At the same time that reports estimate that half the U.S. population, or greater than 150 million people, may be affected by the flu this season and the Centers for Disease Control (CDC) recommends that people with influenza remains at home until at least 24 hours after they are free of fever, other reports have shown that approximately 40% of thermometer readings overestimate and 20% underestimate body temperature. The result is a perfect storm with 60% of Americans -- or 90 million people – receiving the wrong temperature readings during the flu season.

The consequences of these errors in temperature readings could have severe results. It can cause people who are sick to be falsely diagnosed as healthy, further spreading the flu virus. At the same time, healthy individuals can be falsely diagnosed as having fever and “forced” to remain at home. This can have a serious detrimental effect on our entire health care system and the economy as companies face shortages of healthy workers and consumer spending is curtailed.

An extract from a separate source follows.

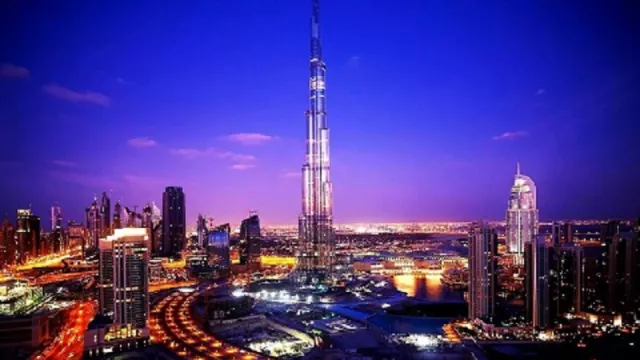 5 Fakta keren Menara Burj Khalifa - GenPI.co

Just sorting out which patients to treat and which to send home, for example, could strain our healthcare system. A recent report from the nonprofit Trust for America’s Health noted that if 33% of the population caught swine flu, 15 states could run out of hospital beds at the peak of the outbreak.

Businesses can be affected in two ways. Overall productivity will be reduced simply because there are fewer workers, and businesses that rely on customers, such as restaurants, movie theaters, malls and the travel industry, will be affected if more people, possibly millions, are not able – or willing, due to false fever readings – to go out. This will cause a ripple effect throughout the economy.

Children are particularly at risk because of their parent’s dependence on the only objective emergency warning sign, which is fever, according to the CDC. The other signs are subjective and difficult to interpret, such as fast breathing, not drinking enough fluids, bluish color or irritability. Therefore, wrong thermometry jeopardizes children in two ways -- lack of detection, which can lead to complications and possibly death; and false fever, which can expose them to the dangers of infections in a medical setting.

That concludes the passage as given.